I'm building an implementation of the dynamo paper, yottastore. Given a key, I need to find which NVMe block stores the data. To do that I hash the key to find the shard where I have an in memory array in which at position [hash] I can find a struct with:

• 32 bit hash (needed for resizing)
• 64 bit pointer to NVMe block
• 32 bit of metadata

The random storage node is: 48 core cpu, 1 tb ram, 24*16 tb SSD

At 128 bit per key-value, it's 64 GB of ram per 16 TB disk, or 1.5 TB of ram in total, way too much.

How could I deal with this?

Options I envisioned:

• Using a btree, but it will make access much slower, and I still have 96 bit of records to deal with

• Pointer compression: I could divide the disks in zones of 256 mb, so for each record I will only need a 16 bit offsets instead of 64 bits. I would also need to store a a 64 bit start for each zone in a separate hash table

• I could mix the approaches, storing a btree to find the zone, and then having an hashmap with offsets

Any other ideas? The array already persists on disk with a LSM tree, I would like to have an in memory copy for fast access.

Answer 1

I am not familiar with yottastore or how NVMEs work. However, let's assume the following (correct me if I am wrong):

You have:

• 64 bit pointer
• 32 bit of metadata

You don't need the hash, I assume, that was only part of your proposed solution?

Instead of a normal btree you could use a critbit tree.

Critbit trees are like btree but the key (= 64bit pointer) is not stored in full. Instead, for all entries whose keys share a common prefix, this prefix is stored only once in memory. E.g. with 8 bit keys, k1=0100010 and k2 = 01000100 there would be one node that stores the common 5 bit prefix 01000 and that has two children k1=010 and k2=100. That way you store only 5 + 2x3 = 11 bits instead of 2x8=16.

As a result you have to store probably only 16-32 bit per pointer + 32bit metadata.

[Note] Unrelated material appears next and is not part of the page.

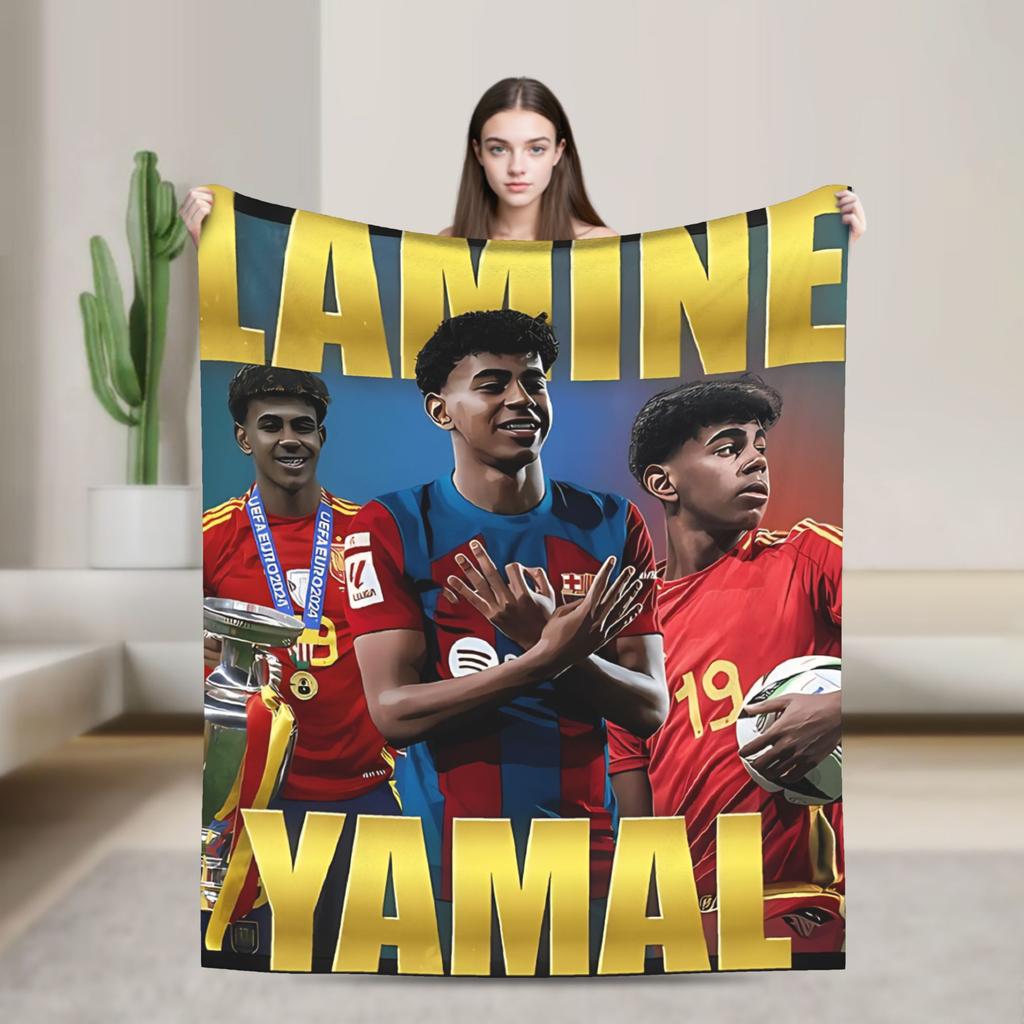 Ламин Ямаль  Одеяла  Туристические Фланелевое Пледное Одеяло Для Декора Дома Мягкий Дизайн Качественное Покрывало Идея Для Подарка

Another big advantage is that you never need rehashing or rebalancing of any sort, that means lookup times and insert/delete times are very predictable. Concurrency can be implemented with a copy-on-write scheme that copyies only one node.

Variant: >2 children per node I think a classic critbit tree has only two children per node. As an optimization (faster & less memory overhead) you can try to split with 2 or more bits per node, i.e. 4 children (or 8 children for 3 bits).

Variant: Prefix sharing btree Just like a normal btree with "n" entries per (leaf) node, but for each leaf node you determine the longest common prefix dynamically and store the for each entry only a 32bit or 16bit value (assuming that all entries in a node typically have a common 32bit or 48bit prefix).

I have an critbit implementation in Java available here.

Answer 2

For each 16 TB ssd, you have 40 GB of RAM. I don't know the prices of server-grade hardware, but with consumer-grade one, 40 GB RAM is about \$100, while 16 TB SSD is about \$1000.

Maybe you just need to make a more balanced system instead of spending money on developers in order to make a small economy on hardware?